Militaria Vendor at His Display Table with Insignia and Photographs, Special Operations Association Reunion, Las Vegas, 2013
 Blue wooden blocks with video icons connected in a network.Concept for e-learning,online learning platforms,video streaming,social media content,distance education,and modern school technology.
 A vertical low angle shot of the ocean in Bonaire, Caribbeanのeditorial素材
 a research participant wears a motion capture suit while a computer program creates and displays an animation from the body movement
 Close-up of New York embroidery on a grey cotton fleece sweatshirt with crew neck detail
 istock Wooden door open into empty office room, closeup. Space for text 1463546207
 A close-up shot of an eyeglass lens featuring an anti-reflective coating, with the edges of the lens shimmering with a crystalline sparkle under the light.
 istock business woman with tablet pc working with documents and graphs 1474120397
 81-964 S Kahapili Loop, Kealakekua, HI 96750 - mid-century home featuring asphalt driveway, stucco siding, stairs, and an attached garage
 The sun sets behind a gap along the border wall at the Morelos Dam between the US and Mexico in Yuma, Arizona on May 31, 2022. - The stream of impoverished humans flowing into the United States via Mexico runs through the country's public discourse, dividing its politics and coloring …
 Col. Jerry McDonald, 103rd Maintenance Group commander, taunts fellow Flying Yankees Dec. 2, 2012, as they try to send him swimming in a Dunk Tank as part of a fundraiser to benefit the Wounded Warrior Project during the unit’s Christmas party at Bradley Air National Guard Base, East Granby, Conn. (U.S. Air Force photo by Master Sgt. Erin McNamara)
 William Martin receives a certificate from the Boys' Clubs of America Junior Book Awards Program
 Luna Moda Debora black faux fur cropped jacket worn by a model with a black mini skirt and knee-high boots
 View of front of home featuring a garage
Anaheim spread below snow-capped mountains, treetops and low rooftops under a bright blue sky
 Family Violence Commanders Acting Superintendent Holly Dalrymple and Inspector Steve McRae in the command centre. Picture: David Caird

• _To do_
Select, from the listing, all lines that include the word "featuring".

• _Task response_
 A close-up shot of an eyeglass lens featuring an anti-reflective coating, with the edges of the lens shimmering with a crystalline sparkle under the light.
 81-964 S Kahapili Loop, Kealakekua, HI 96750 - mid-century home featuring asphalt driveway, stucco siding, stairs, and an attached garage
 View of front of home featuring a garage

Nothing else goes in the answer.